The Temple menorah, or perhaps the ner tamid –it is not exactly clear – had gone out. So the Maccabees looked for pure, extra-virgin oil to light it again, and they found only a single, sealed container – enough for one day’s light. They used it anyway and a miracle – it lasted for eight days, until a new supply of oil could be made. It is a wonderful story; children love it. There is only one problem. It probably did not happen that way at all.
The first time that the legend of the single cruse of oil – the one day supply, lasting for eight days – appears in the Talmud is almost 500 years after the events themselves took place. But there are sources from the period of the Maccabean revolt, they are called the First and Second Books of Maccabees. They appear in the Apocrypha, not in our Bible. These sources mention only the political intrigue, the stories of guerilla warfare and military prowess. They describe the Temple being cleaned and rededicated, but nothing about this oil miracle.
And yet every Chanukah we thank God for the miracle of the season. So I want to ask tonight: what was the miracle that took place in their days so long ago? It was not the miracle of a little cruse of oil lasting for eight days; I think that is pretty clear. I want to suggest this evening that the miracle was that they survived – survived for us to be able to call them "our ancestors."
Some of you are thinking – this is a miracle? Now the parting of the Red Sea, that was a miracle. The sun standing still in the sky; that is the stuff that miracles are made of. But survival? That is the most basic human instinct. Granted Jews have survived for a long time; it is a great accomplishment. But we have had many trying times in our history – why single this one out and call it a miracle?
It is not just that we survived a crisis back in 168 B.C.E., friends. That could have been by chance. But it was much more than that. If you think about it, of all the ancient peoples which confronted Greek civilization, we alone have lived to tell the tale. Yes, we are the only ones. The Edomites? Gone. The Phoenicians? History. The ancient Egyptians? A pale memory in the sand dunes of a new nation. In that far distant time, not just a chance survival took place. At this season so long ago, our Jewish ancestors developed a strategy for survival that worked and has continued to work throughout our history. And I want to suggest this evening that that strategy remains relevant – maybe even urgent – today.

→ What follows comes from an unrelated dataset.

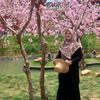 nursiyahismail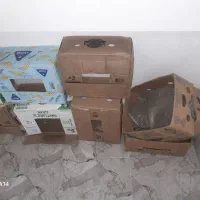 کارتن موزی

Once upon a time, Greek culture was the rule and the rage of the entire known world. It was sophisticated, it was attractive, it had the best in the arts, excelling in theater and music. It had an absolute monopoly on professional sports; they were called the Olympics. There were travel and trade opportunities; big business flourished. There was even an air of cosmopolitan tolerance to an extent. To go anywhere that was "in", or to be considered "in", what was required was a simple ticket – the Greek language – and enough drachmas to afford it all.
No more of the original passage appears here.